● **ACTIVITY**
Transcribe word for word the lines below from the line with "Camiseta de Protección" through the line with "雪上运动专项训练 综合训练", ends included.

● **GIVEN DATA**
[Start of Attachment]

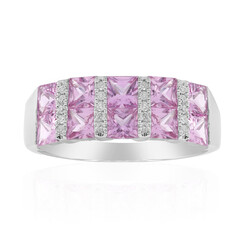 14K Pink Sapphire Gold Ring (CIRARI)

[End of Attachment]
[Start of Attachment]

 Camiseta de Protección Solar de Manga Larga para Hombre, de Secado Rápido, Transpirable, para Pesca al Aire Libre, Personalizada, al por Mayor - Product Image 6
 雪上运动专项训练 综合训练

[End of Attachment]

● **RESULT**
 Camiseta de Protección Solar de Manga Larga para Hombre, de Secado Rápido, Transpirable, para Pesca al Aire Libre, Personalizada, al por Mayor - Product Image 6
 雪上运动专项训练 综合训练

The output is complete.